WHAT TO PRODUCE: Images are not wanted; transcribe the rest of the listing exactly.

SOURCE MATERIAL:
<<<<

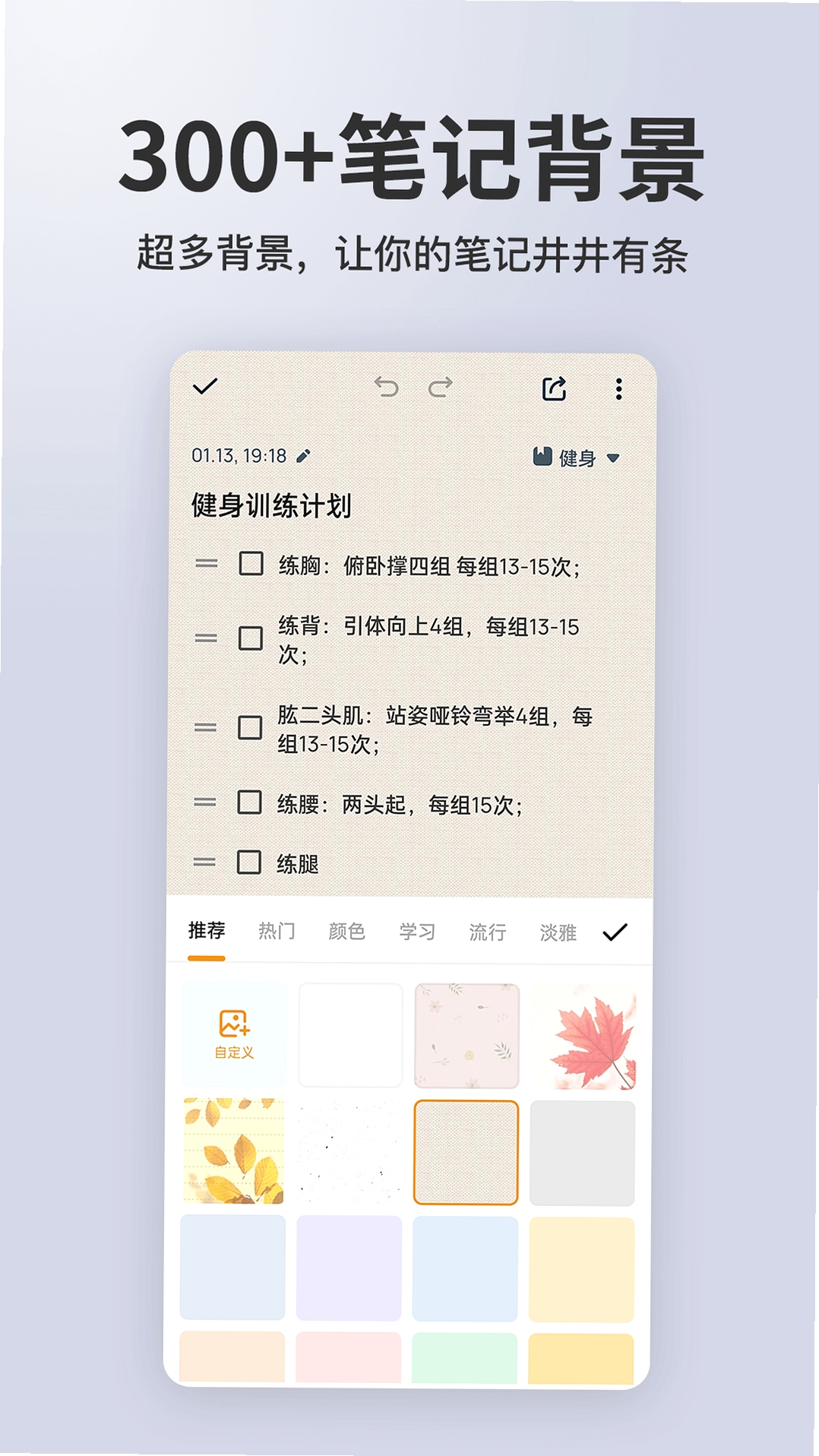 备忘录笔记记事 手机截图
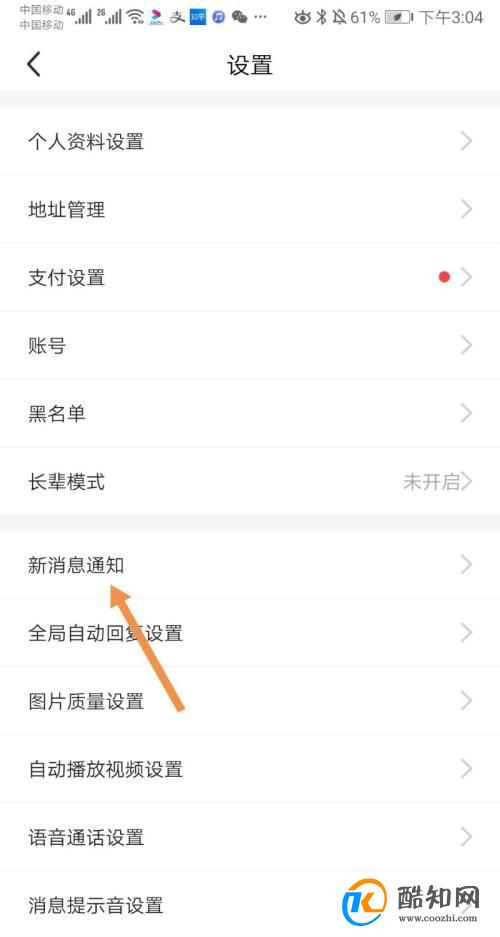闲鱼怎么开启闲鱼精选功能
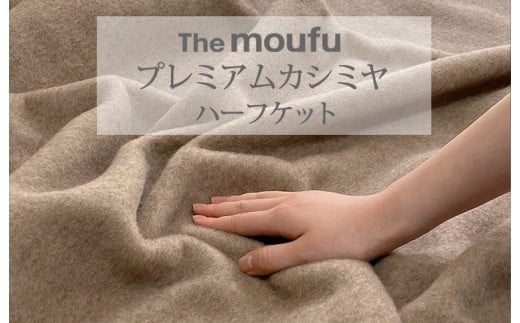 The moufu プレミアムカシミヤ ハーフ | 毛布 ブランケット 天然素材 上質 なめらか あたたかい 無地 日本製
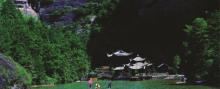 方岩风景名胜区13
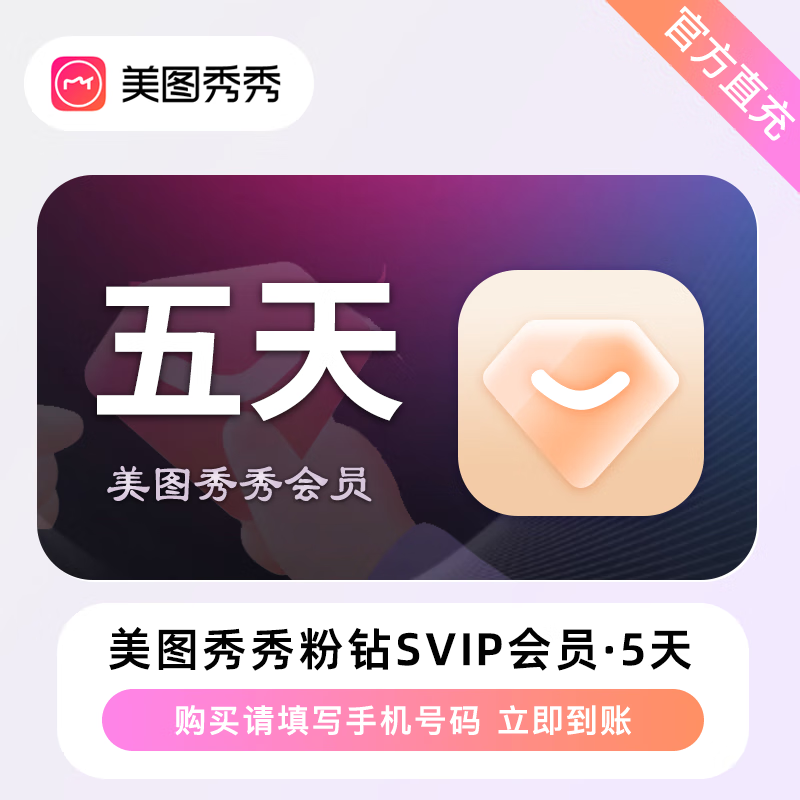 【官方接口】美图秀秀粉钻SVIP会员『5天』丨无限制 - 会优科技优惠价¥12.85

>>>>

FINISHED EXERCISE:
 备忘录笔记记事 手机截图
闲鱼怎么开启闲鱼精选功能
 The moufu プレミアムカシミヤ ハーフ | 毛布 ブランケット 天然素材 上質 なめらか あたたかい 無地 日本製
 方岩风景名胜区13
 【官方接口】美图秀秀粉钻SVIP会员『5天』丨无限制 - 会优科技优惠价¥12.85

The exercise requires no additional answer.